Housekeeper Miss Kenton in 1993's The Remains of the Day, one of only two or three feature film roles for which Meryl Streep was actually turned down(!), is my latest entry in this unintentionally fallowed section.  It's unfortunate writing about a film role which Meryl actually really wanted but did not ultimately get to portray on screen (see my post on Sweet Dreams).  In this instance, it's particularly disappointing, considering the film took place during a period where Meryl had uncharacteristically strayed from her typical dramatic turns in order to try her hand at shitty comedic roles.

Remains begins as a sort of flashing back of Miss Kenton's (Emma Thompson) former position as housekeeper for a wealthy Englishman on a large country estate in the years leading up to World War II.  Twenty years later, having left her husband, she finds herself in need of return to work in service.  She therefore writes the head butler, played by Anthony Hopkins, who eventually  tries to persuade her to return to Darlington Hall, which is now owned by a former U.S. Congressman (Christopher Reeve).   The flashbacks show us an unrealized romantic relationship between Miss Kenton and the private and seemingly unemotional Mr. Stevens (Hopkins).  All this takes place against the backdrop of rising Nazi influence in Western Europe, a party which Darlington Hall's owner becomes closely linked.  Having never appropriately expressed his affections, the film basically ends with Mr. Stevens waving goodbye to a sobbing Miss Kenton, who regrets not having made her own feelings more known prior to leaving Darlington Hall, ultimately marrying a man she never really loved the way she did Stevens.

It would've been fantastic to see how Meryl interpreted that scene.  Miss Kenton is a borderline supporting role in my opinion, but both Hopkins and Thompson were deservedly nominated for Academy Awards in lead. In total the film received eight Oscar nominations, including Best Picture, despite winning none.  It's an absolutely fabulous script and was obviously very well received by critics.  No wonder Meryl had been so interested.
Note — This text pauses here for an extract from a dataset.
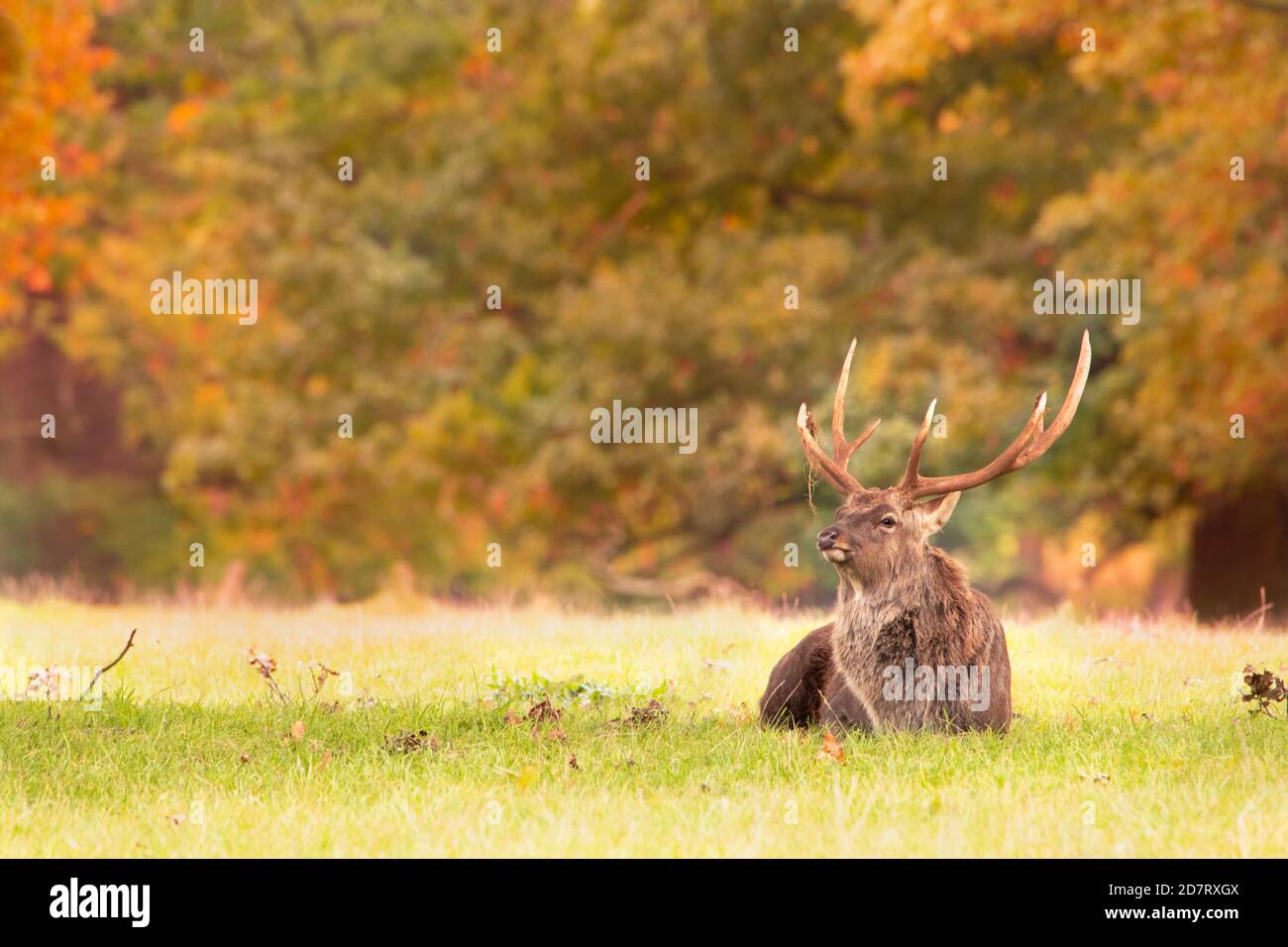 Manchurian Sika Hirsch, Hirsch, liegend in Parklandschaft, Herbst, 2020, Bedfordshire, UK Stockfoto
The events which led to Meryl being replaced are only hazily documented.  Evidently Mike Nichols (who had directed her in Silkwood, Heartburn and Postcards from the Edge) was set to direct the film in the early 90's.  He had Meryl and Jeremy Irons read for the leads but deemed the two unsuitable for the roles.  Meryl's agent, who was also Nichols's agent, failed to inform her of this and she therefore sort of lost the part behind her back.  This resulted in Meryl switching agents and living with a bit of a chip on her shoulder about what had taken place.  Apparently all is fine now, but I can easily understand Meryl's anger, considering it was the kind of part that was no doubt becoming few and far between after turning 40.  Thompson was 34 when the film was released.  This isn't to say that Meryl was replaced due to age, but her outrage in my opinion speaks to the leanness of great roles for women at that time.  The film ended up being directed by James Ivory.  1993 instead saw Meryl star alongside Irons in the forgettable The House of the Spirits.   Huge opportunity missed.